Content starts

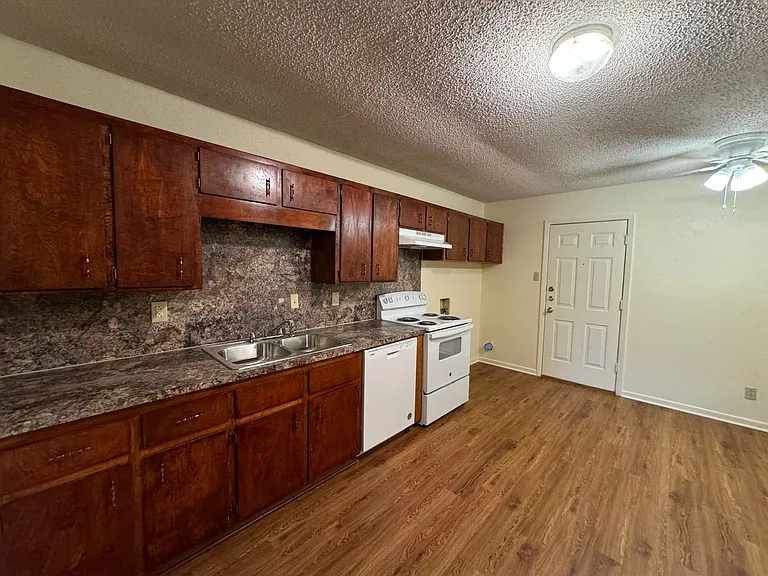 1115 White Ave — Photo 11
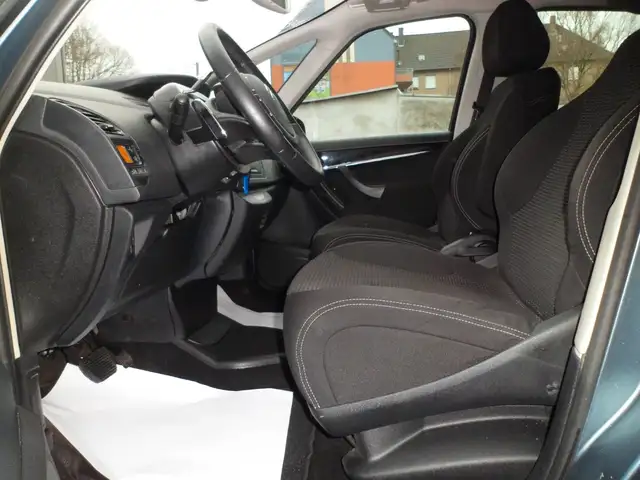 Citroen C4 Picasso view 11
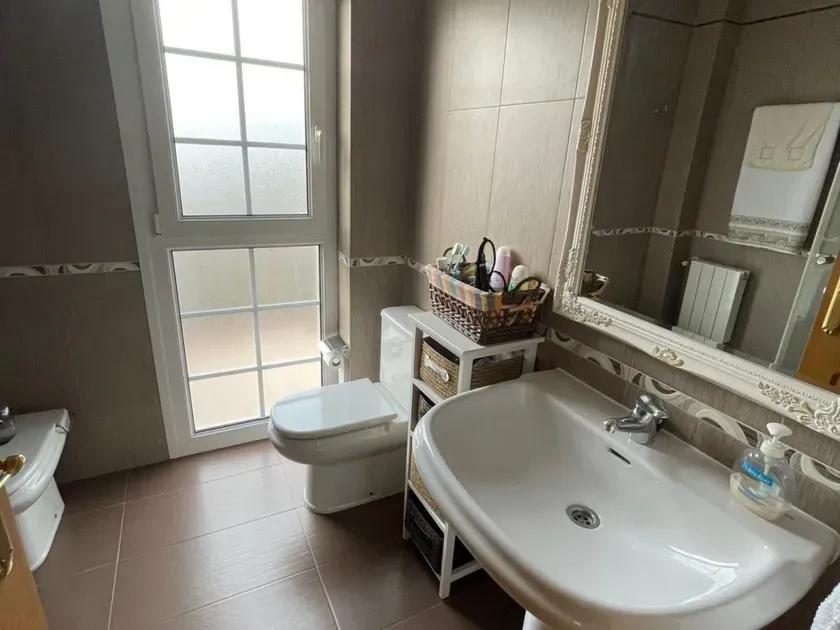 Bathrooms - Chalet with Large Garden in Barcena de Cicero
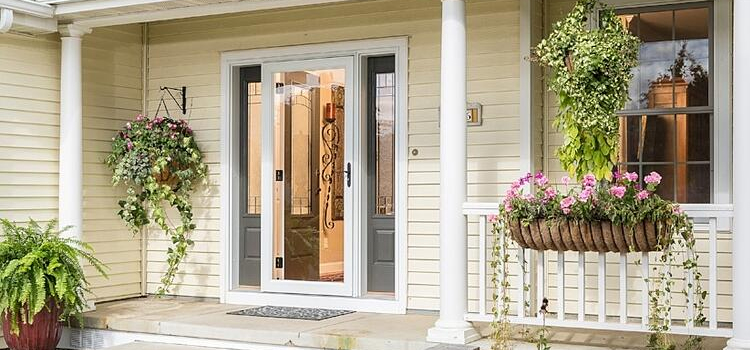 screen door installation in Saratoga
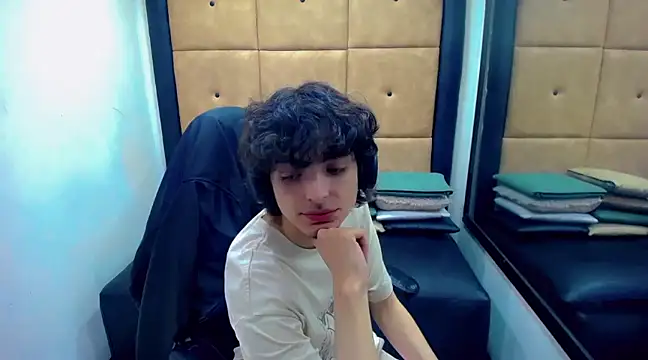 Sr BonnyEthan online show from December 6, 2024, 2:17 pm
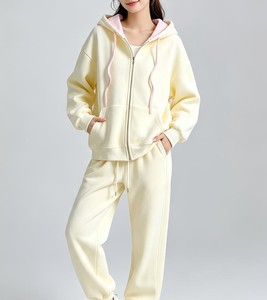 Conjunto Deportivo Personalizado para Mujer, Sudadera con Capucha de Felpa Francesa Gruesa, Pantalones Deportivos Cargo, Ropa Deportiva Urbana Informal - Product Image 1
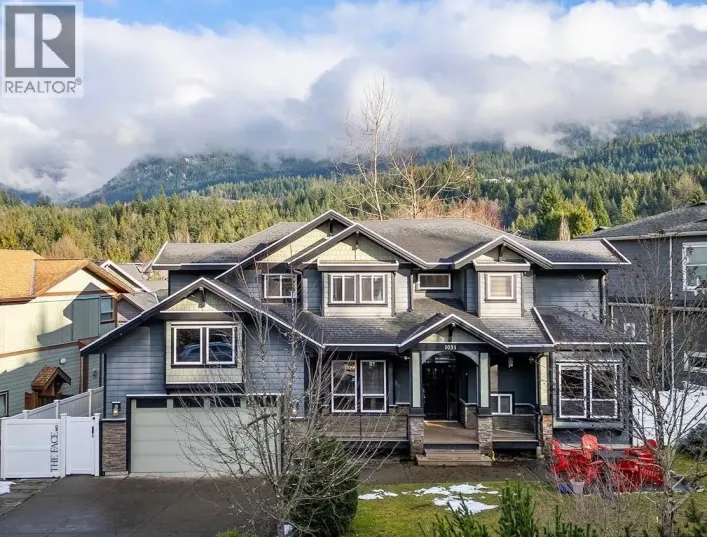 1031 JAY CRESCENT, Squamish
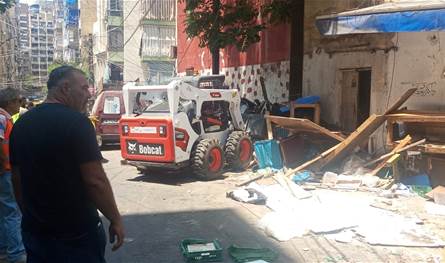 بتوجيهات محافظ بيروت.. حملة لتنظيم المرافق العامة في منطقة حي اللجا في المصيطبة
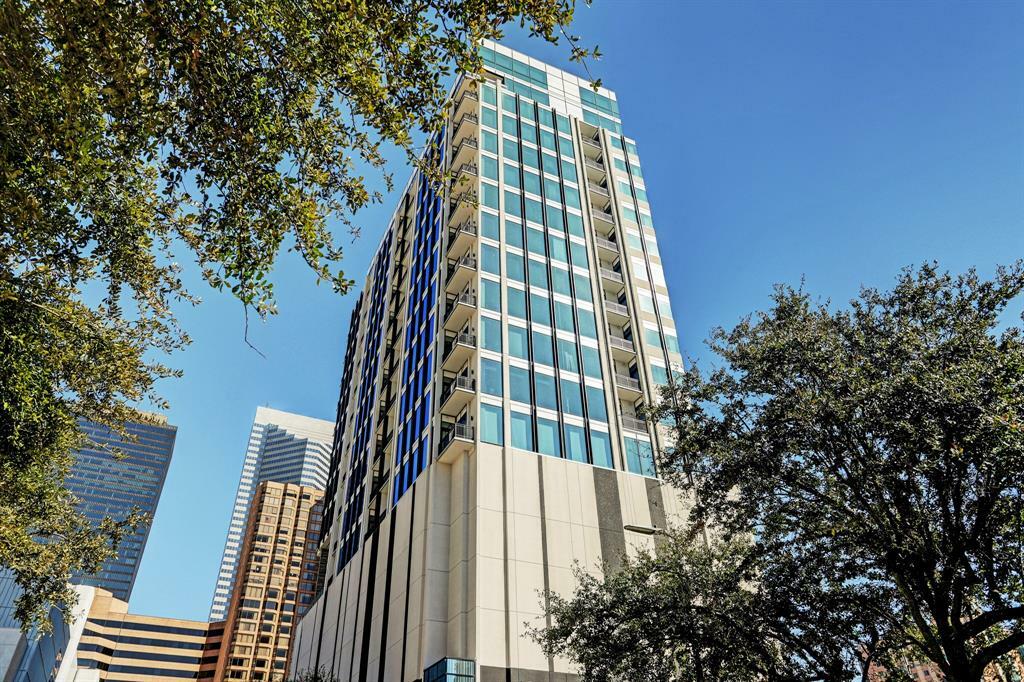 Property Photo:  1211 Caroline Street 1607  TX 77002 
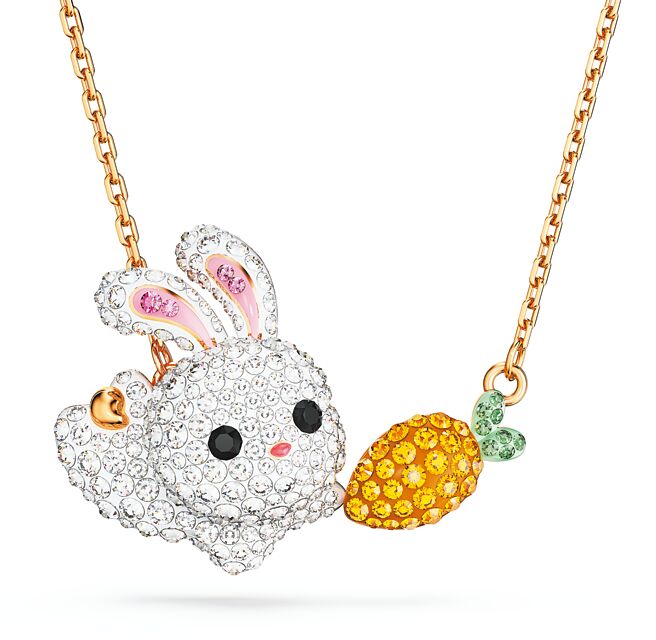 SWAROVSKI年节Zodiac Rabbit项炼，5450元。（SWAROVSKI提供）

Content ends
Content starts

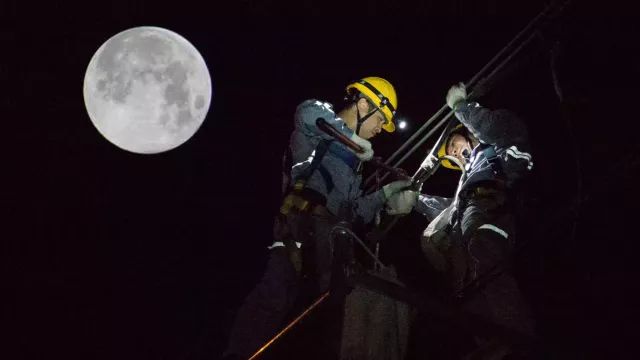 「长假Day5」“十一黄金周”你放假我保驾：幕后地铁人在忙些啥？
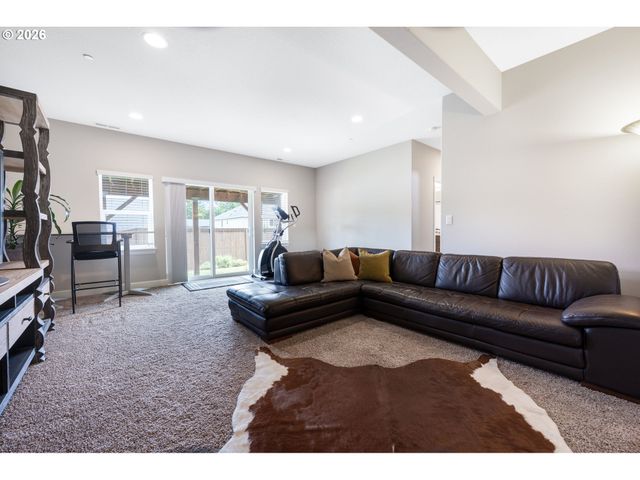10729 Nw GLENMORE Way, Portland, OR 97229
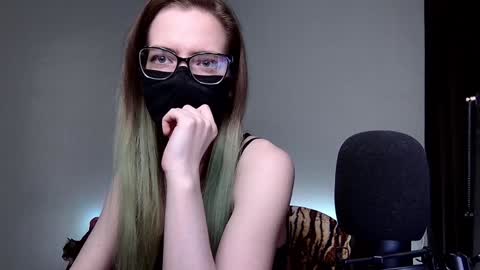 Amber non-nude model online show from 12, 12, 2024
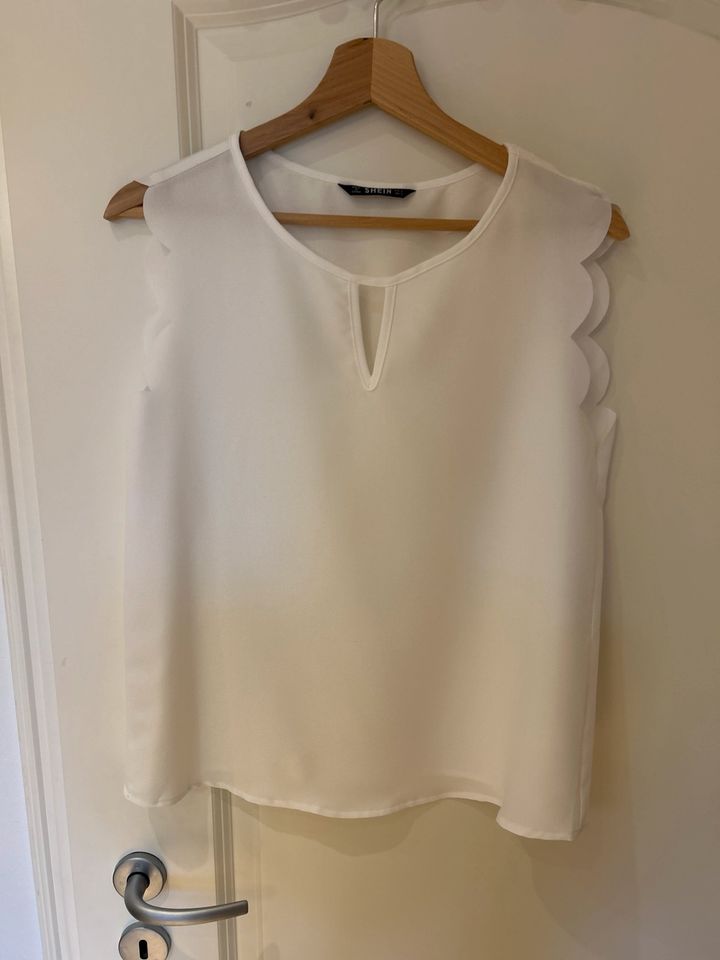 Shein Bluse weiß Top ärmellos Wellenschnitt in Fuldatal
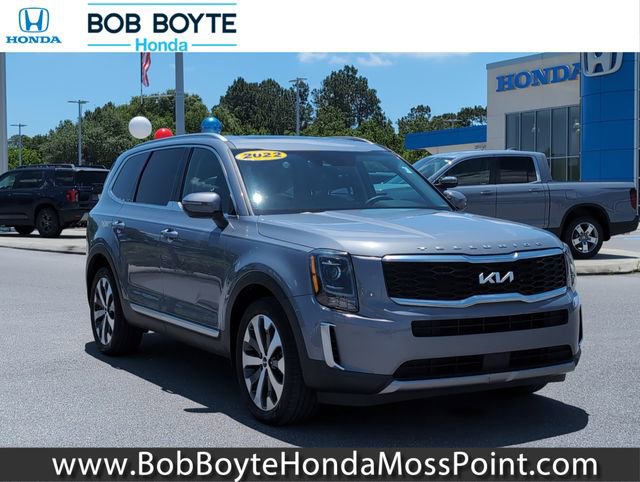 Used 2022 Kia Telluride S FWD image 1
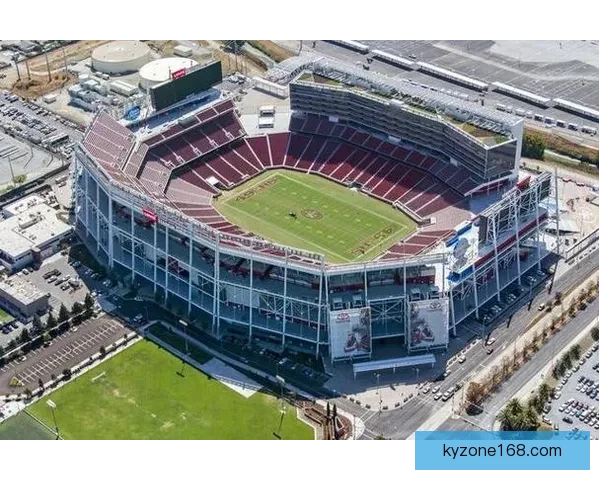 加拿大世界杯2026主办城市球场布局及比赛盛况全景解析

Content ends

### GOAL OF THE EXERCISE
Look above for the line with "بتوجيهات محافظ بيروت.." and copy exactly from it through the line with "SWAROVSKI年节Zod", both included. Omit the pictures.

### EXERCISE OUTPUT
 بتوجيهات محافظ بيروت.. حملة لتنظيم المرافق العامة في منطقة حي اللجا في المصيطبة
 Property Photo:  1211 Caroline Street 1607  TX 77002 
 SWAROVSKI年节Zodiac Rabbit项炼，5450元。（SWAROVSKI提供）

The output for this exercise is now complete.